As someone more decidedly non-Zionist than yourself though sharing basically the same mixed view of Rabbi Jacobs and her milieu, THIS, RIGHT HERE, is why you need to lead and be the face/branding of the Third Way normie alternative to both Jewish Currents and Tablet.
This was excellent. I just want to add my own little “as a…” remark: as a certified Jew of Color, Jacobs’ pitch was the most patronizing, nonsensical thing imaginable. I’ll speak on behalf of the Sephardic (or “Syrian”) community in Brooklyn, but based on both anecdotes and the data available I feel comfortable generalizing this to all the other “diverse” groups of Jews she tries to make Jew salad of:
1) no one wears “traditional Syrian Jewish dress”. Literally no one. The rabbis don’t, the people don’t, even the communal leaders at ceremonial functions don’t. Back when R. Shaul Kassin was regarded as a sort of putative chief communal rabbi, he would get dressed up in the flowy Ovadia Yosef robe gear, but he’s passed away and that’s it. So Jacobs’ invoking “diverse” Jewish dress (and she specified Syrian) as a way to market this to grantmakers - uh I mean rank and file NYC Jews - just demonstrates her ignorance, and makes it hard to escape the conclusion that we’re props for her.

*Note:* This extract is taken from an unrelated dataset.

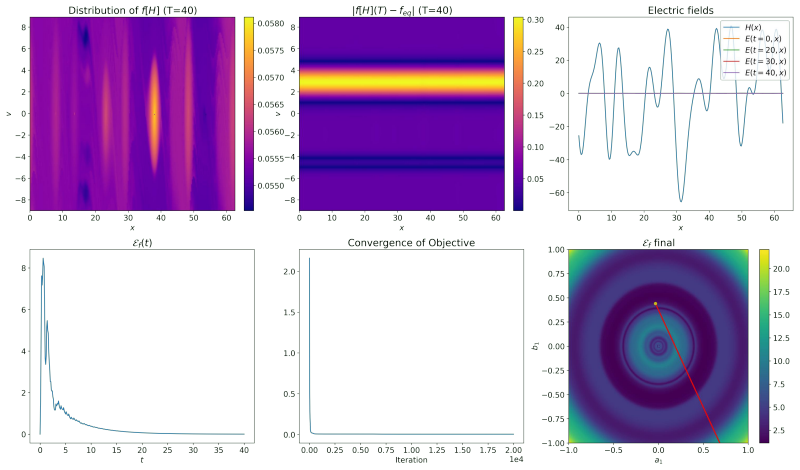 Figure 70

2) the Syrian Jewish community is fanatically Zionist. Frankly, to a fault. By and large, they’re awfully comfortable with “blowing them up”, whoever “they” are, and they are the last people I can imagine having a problem with the appearance of far-right Israeli politicians at their parade. This may sound like me casting aspersions on them, but I’m a happy member of the community even if I don’t share these views. Did she bother to ask any of them before making this proposal? Did she bother to ask anyone outside of her own milieu?
3) no longer “as a certified Jew of color”: your point about participation deserves some elaboration. Leave aside the question of class, and leave aside the question of raw numbers: the people who invest in Jewish cultural events and Jewish community in general, in NYC as much as elsewhere, skew heavily Zionist. They don’t skew heavily Smotrich, but the Venn diagram between NY Jews who feel comfortable with an Israel parade and Jews who actively create and participate in and put energy into public Judaism in NY is approximately a circle. So leaving aside the class question, who exactly would this even be for?